As lobbyists have become an ever more powerful force in Washington, D.C., the need to increase disclosure, decrease special privileges and deter abusive behavior has grown. Bankrolled by the nation’s most powerful special interests, lobbyists are often in league with the politicians they court – sweetening the pot by dangling campaign contributions, free trips and even the prospect of future employment.

Three sets of reforms are urgently needed to clean up the influence-peddling business in Washington.

1.   Improve disclosure so the public knows what is going on. 

The lobbying disclosure law that requires “hired guns” to report on their activities is, to say the least, out of date and needs to be brought into the Internet age. Lobbyists file sketchy paper reports only twice a year, so a bill can be passed long before anyone finds out what special interests did to pass it. Because there is no comprehensive electronic disclosure system, it can take weeks to comb through disclosure forms to determine how many lobbyists an industry employs or how much it spent in a reporting period. Hundreds of millions of dollars in TV ads and other grassroots lobbying efforts are exempt from disclosure. Shadowy coalitions with Orwellian sounding names are allowed to lobby while keeping the identities of their members secret.

2.   Slow down the revolving door.

The revolving door is spinning out of control, legions of policy makers and their staffs are exiting public service one day only to setup lobbying shops the next. To slow it down, we need a two-year cooling off period during which lobbying is prohibited. Former members of Congress who turn to lobbying should be stripped of perks and privileges that give them special access to their colleagues. And, public officials should have to declare that they are playing both sides of the fence when they serve in government while negotiating lucrative private sector employment that poses a conflict of interest.

3.   Limit the influence of lobbyists.

Lobbyists are growing ever more powerful through mutually reinforcing relationships with politicians who depend on them for large amounts of campaign cash and coordination of political strategies.

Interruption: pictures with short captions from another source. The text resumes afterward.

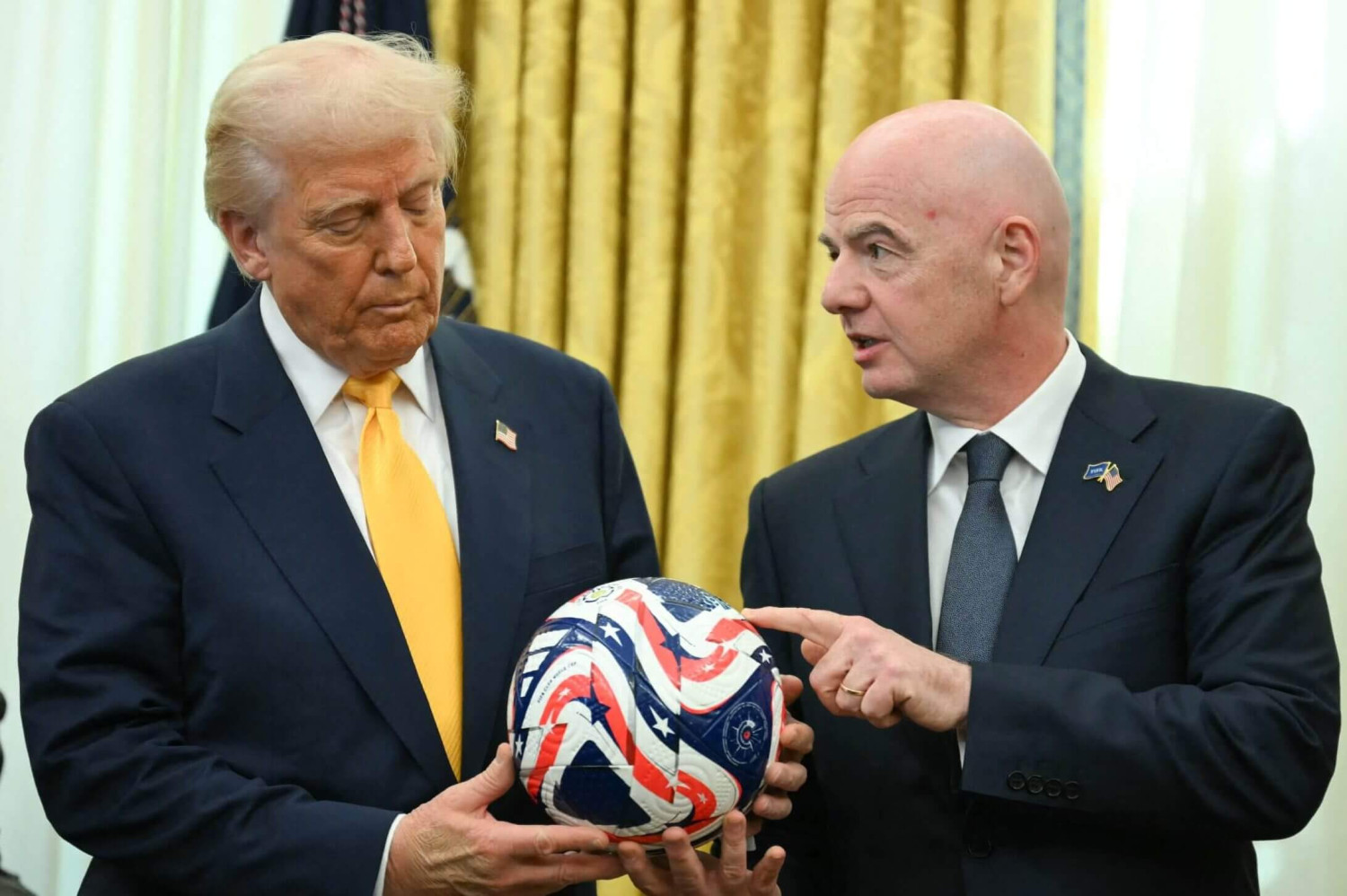 FIFA dan Donald Trump punya hubungan dekat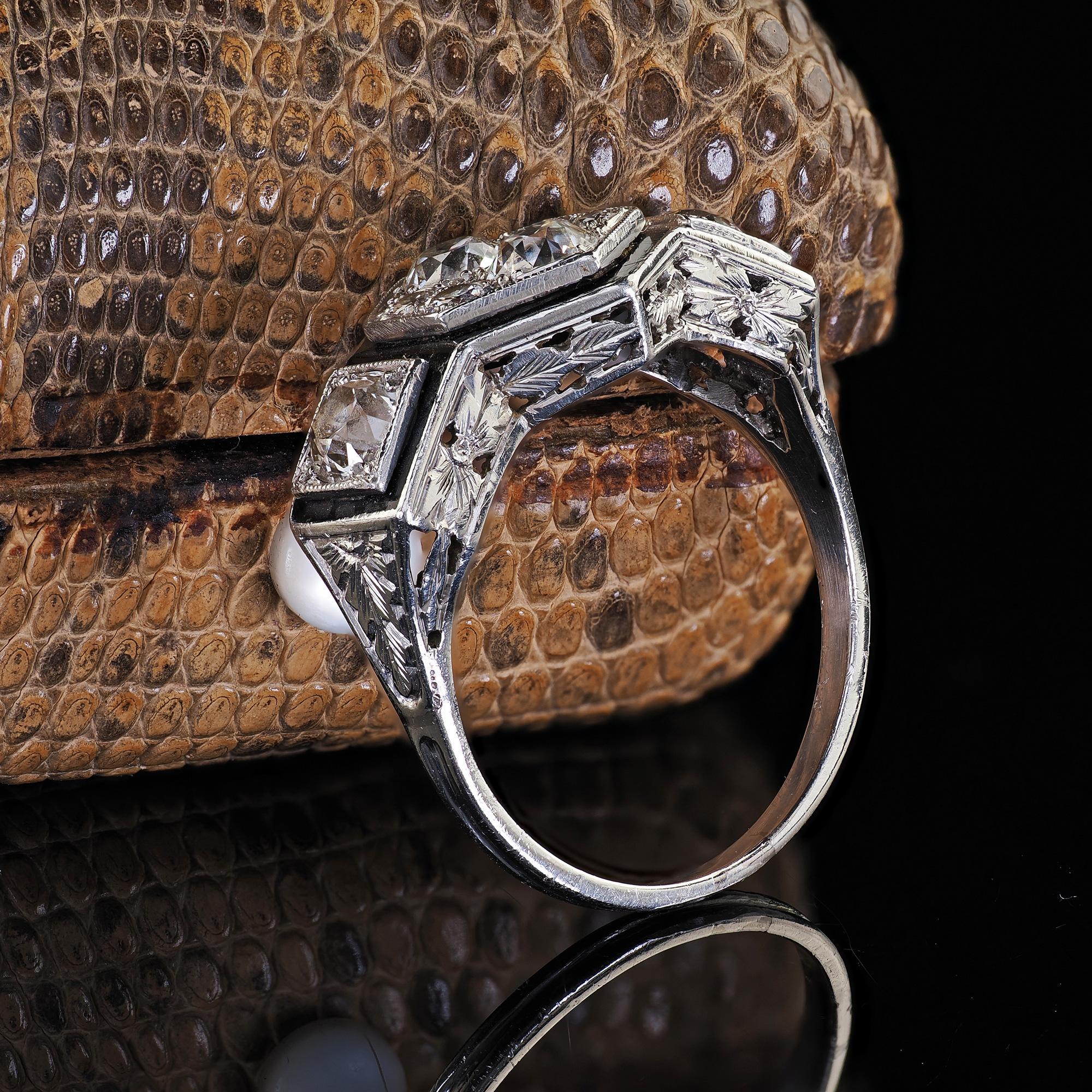 Art déco Antique Art Deco Platinum Old Euro Diamond Enamel Three Stone Cluster Ring (bague à trois pierres)
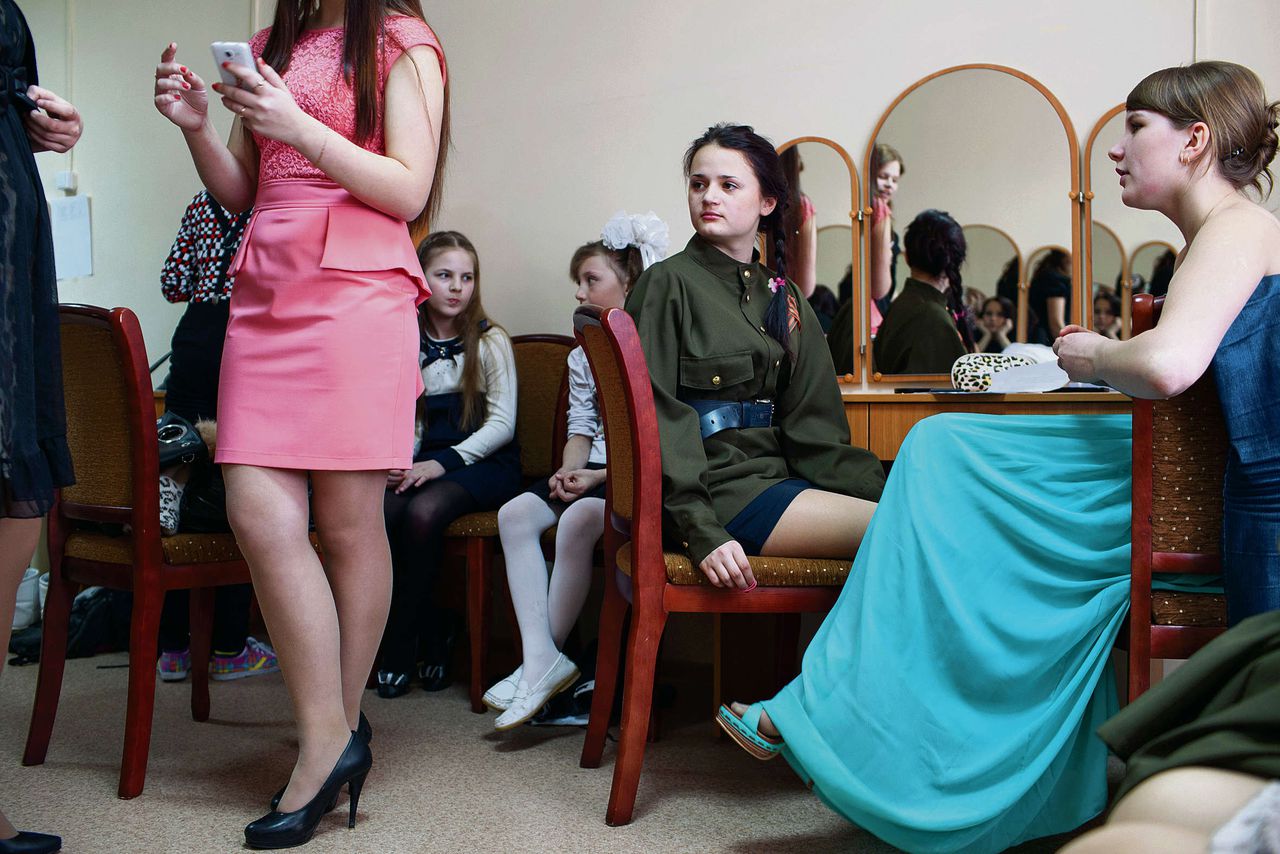 Zangwedstrijd op het Russische eiland Sakhalin. Links de kandidaten in hun kleedkamer, rechts de jury.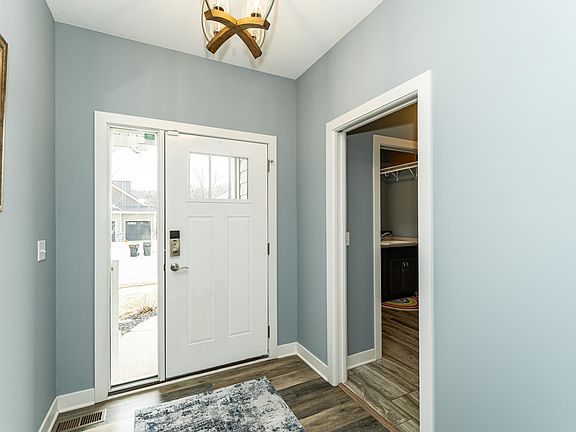 2nd image of 4283 Stone Point Dr NE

Brakes on the system are needed. We should start by prohibiting private groups – many influenced, if not controlled, by lobbyists – from paying for travel by federal employees, including members of Congress. We need an airtight “no-cup-of-coffee” gift ban that prevents lobbyists from abusing the system. And influence peddlers should be prohibited from providing or soliciting campaign contributions for elected officials. 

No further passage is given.